Jakarta, IDN Times - China telah dengan tegas menolak klaim Amerika Serikat (AS) bahwa mereka melanggar kesepakatan tarif baru-baru ini. Hal tersebut terkait dengan perjanjian perdagangan bilateral yang dicapai di Jenewa pada Mei, tentang pengurangan tarif selama 90 hari.
"AS telah membuat tuduhan palsu dan secara tidak masuk akal menuduh China melanggar konsensus yang sangat bertentangan dengan fakta," kata Kementerian Perdagangan China dalam sebuah pernyataan pada Selasa (2/6/2025), dikutip dari The Straits Times.
Pekan lalu, para pejabat AS, termasuk Menteri Perdagangan Howard Lutnick dan Presiden Donald Trump, menuduh China memperlambat perjanjian dan melanggar sepenuhnya kesepakatan itu. Namun, pihaknya tidak memberi rincian spesifik dari dugaan pelanggaran tersebut secara konsisten.
1. China menuding AS melakukan tindakan pembatasan diskriminatif
Kementerian tersebut juga menyatakan bahwa China telah melaksanakan dan secara aktif menjunjung tinggi kesepakatan tersebut. Sementara, Washington telah memperkenalkan sejumlah tindakan pembatasan diskriminatif terhadap Beijing.
Langkah-langkah itu termasuk mengeluarkan panduan tentang kontrol ekspor chip kecerdasan buatan (AI), menghentikan penjualan perangkat lunak desain chip, dan mencabut visa bagi pelajar China.
"Pemerintah AS secara sepihak dan berulang kali memprovokasi ketegangan ekonomi dan perdagangan baru. Hal ini memperburuk ketidakpastian dan ketidakstabilan dalam hubungan ekonomi dan perdagangan bilateral," kata kementerian tersebut.

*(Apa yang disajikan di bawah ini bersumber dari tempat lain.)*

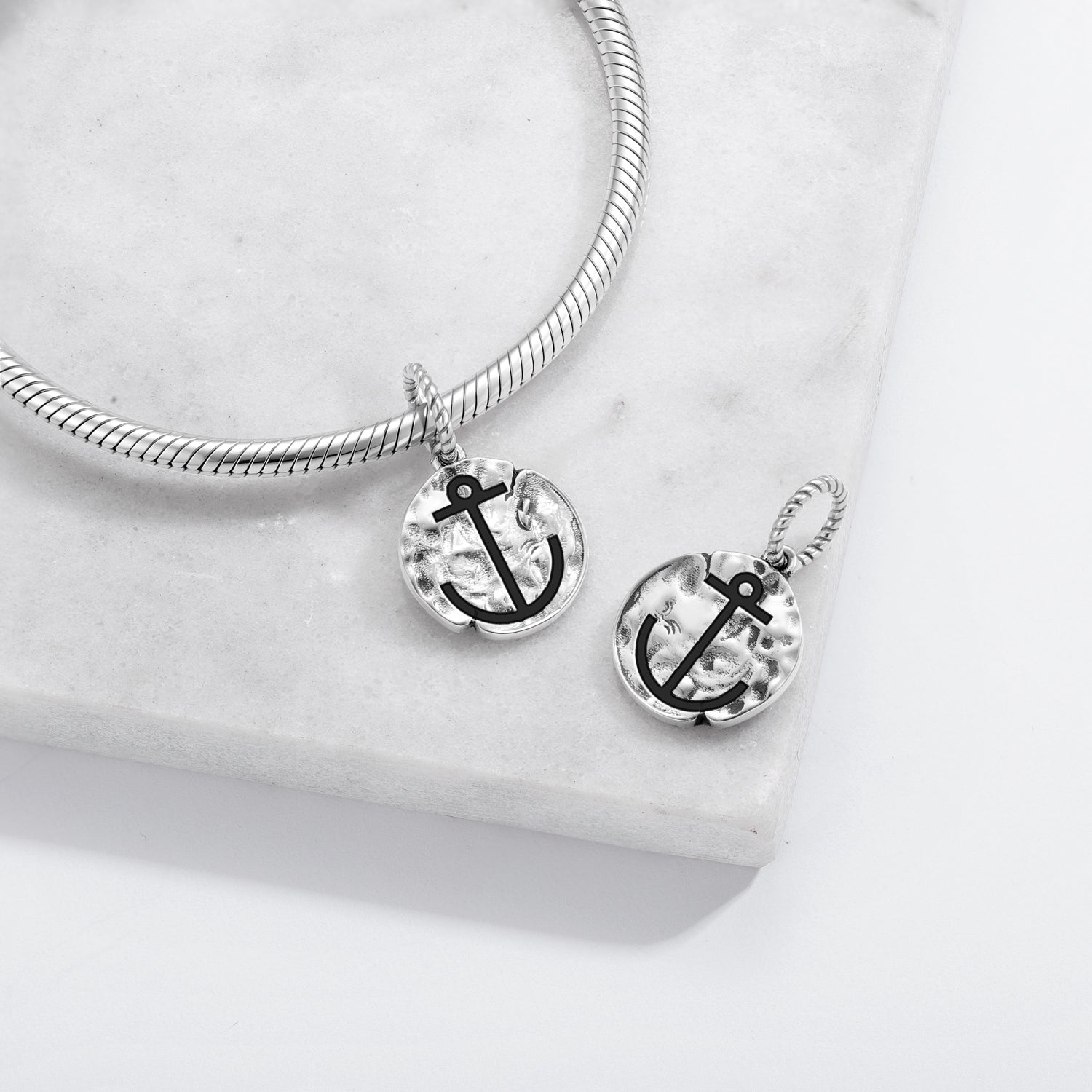 Christianisme Saint Clément Symbole de croix 925 Argent Sterling Textured Dangle Charm Pour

Beijing memperingatkan akan mengambil tindakan tegas dan keras, guna melindungi kepentingan nasionalnya.
2. AS klaim akan ada pembicaraan antara Trump-Xi via telepon

Pada Minggu (1/6/2025), Menteri Keuangan AS, Scott Bessent, menyarankan bahwa panggilan telepon antara Presiden AS Donald Trump dan Presiden China Xi Jinping dapat menyelesaikan perbedaan-perbedaan tersebut. Selain itu, AS juga menuduh China menahan ekspor beberapa produk yang telah disetujui untuk dirilis, termasuk tanah jarang.

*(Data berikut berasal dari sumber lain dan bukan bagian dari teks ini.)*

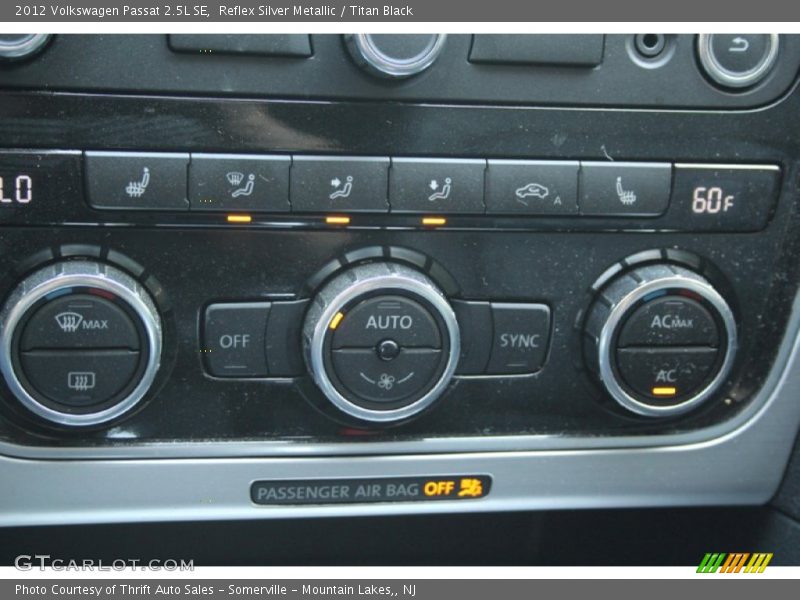 Reflex Silver Metallic / Titan Black 2012 Volkswagen Passat 2.5L SE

Terkait kapan panggilan telepon antara Trump-Xi dapat dilakukan, Bessent berkata, 'Saya yakin kita akan segera melihat hasilnya'. Namun, dalam pernyataan Kementerian Perdagangan China pada 2 Juni tidak menyebutkan adanya pembicaraan yang direncanakan antara kedua pemimpin tersebut.
3. Trump tidak puas dengan kesepakatan AS-China

Saham global berakhir bervariasi pada 30 Mei 2025, setelah Trump membuat unggahan media sosial yang menuduh Beijing melanggar perjanjian perdagangan dengan negaranya. Komentar Trump muncul setelah Bessent mengatakan kepada Laporan Khusus Fox News Channel sehari sebelumnya, bahwa pembicaraan perdagangan dengan China sedikit terhenti, dilansir NHK News.
Bulan lalu, kedua negara sepakat untuk memangkas tarif tambahan satu sama lain sebesar 115 poin persentase. AS juga menyerukan akses pasar yang lebih besar dan mengurangi defisit perdagangan bilateral.
Akan tetapi, tampaknya Trump tidak puas dengan tanggapan Beijing. Ketidaksepakatan ini telah menimbulkan kekhawatiran yang berkembang bahwa ketegangan perdagangan kedua negara dapat meningkat lagi, sehingga sangat dibutuhkannya negosiasi di masa mendatang.